If the intersection is still NULL, then check for intersecting points.
This is probably really rough but:
object rectangle {
pos { x, y } // top-left position
size { height, width } // rectangle-size
}
collision::check (rectangle rect) {
// collision-detection logic
collision->order_coords(coords); // order-coords clockwise;
return collision_result_object; // return collided vertices, ordered clockwise, or 0 if rect hit nothing
}
collision::order_rects (rectangle *rect, opt angle) {
return clockwise_rects; // returns rectangles ordered clockwise
}
collision::order_coords (coordinate *coord, opt angle) {
return ordered_coords; // recieves coordinates and returns ordered clockwise
}
rectangle rects; // bunch of rectangles
ordered_rects = collision->order_rects (rects); // order rects starting at 12PM
loop {
foreach ordered_rects as i {
if (collision->check(i)) {
array_of_collision_result_objects[i] = collision->check(i); // start checking rects starting at 12PM, if collision found, return ordered vertexes
}
}
}
Find all the intersections of segments of rectangles. The result consists of some of them and some of initial vertices. To find them just check for every point it lies in both rectangles. Remove unnecessary points (if there are 3 or more on one line). The result is convex and no point you get is strictly inside it, so (if there are at least 3 of them) sort points from some inner point by angle and enjoy the result.
I've come up with a reasonable method that should cover all possible cases:
All we need is basically 3 steps :
Step 1:
for each side Si of R1
for each side Sj of R2
Check if Si and Sj intersect.
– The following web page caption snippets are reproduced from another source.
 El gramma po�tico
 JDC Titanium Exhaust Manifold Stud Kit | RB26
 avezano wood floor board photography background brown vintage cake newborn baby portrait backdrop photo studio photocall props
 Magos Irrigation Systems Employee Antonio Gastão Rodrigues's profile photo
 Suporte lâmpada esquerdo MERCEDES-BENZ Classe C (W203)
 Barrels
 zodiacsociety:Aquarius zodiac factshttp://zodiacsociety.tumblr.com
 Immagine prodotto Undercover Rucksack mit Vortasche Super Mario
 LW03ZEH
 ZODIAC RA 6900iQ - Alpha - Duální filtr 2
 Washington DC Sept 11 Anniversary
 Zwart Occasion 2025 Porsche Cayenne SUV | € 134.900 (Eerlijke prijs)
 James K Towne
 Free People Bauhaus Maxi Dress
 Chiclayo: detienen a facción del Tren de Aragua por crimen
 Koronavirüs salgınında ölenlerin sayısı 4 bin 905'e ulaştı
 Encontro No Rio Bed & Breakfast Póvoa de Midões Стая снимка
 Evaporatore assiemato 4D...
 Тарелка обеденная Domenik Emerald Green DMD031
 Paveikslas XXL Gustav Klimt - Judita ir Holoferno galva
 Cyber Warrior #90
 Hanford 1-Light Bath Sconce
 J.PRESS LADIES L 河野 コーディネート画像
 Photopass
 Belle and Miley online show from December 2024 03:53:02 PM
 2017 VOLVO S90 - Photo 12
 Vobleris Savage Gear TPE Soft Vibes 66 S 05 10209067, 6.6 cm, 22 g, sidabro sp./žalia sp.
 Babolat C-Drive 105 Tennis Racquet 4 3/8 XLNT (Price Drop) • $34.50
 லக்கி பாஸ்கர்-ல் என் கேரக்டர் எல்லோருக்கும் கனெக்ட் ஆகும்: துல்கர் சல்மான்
If they do, push the point in results array
(This also has to take care of the case in case Si and Sj overlap, which is
basically checking if they have the same equation or not - if so, push in
the points of overlap. This also takes care of the case where a vertex of
R2 lies on Si).
next
next
Step 2:
for each vertex Vi of R1
Check if Vi lies inside R2, If so, push it in the results array.
next
Step 3:
for each vertex Vi of R2
Check if Vi lies inside R1, If so, push it in the results array.
next
Now, order the results array, and return
For step 2 & 3 (how to find if a point lies inside a rectangle) - I'd use this excellent article (the last algorithm stated there).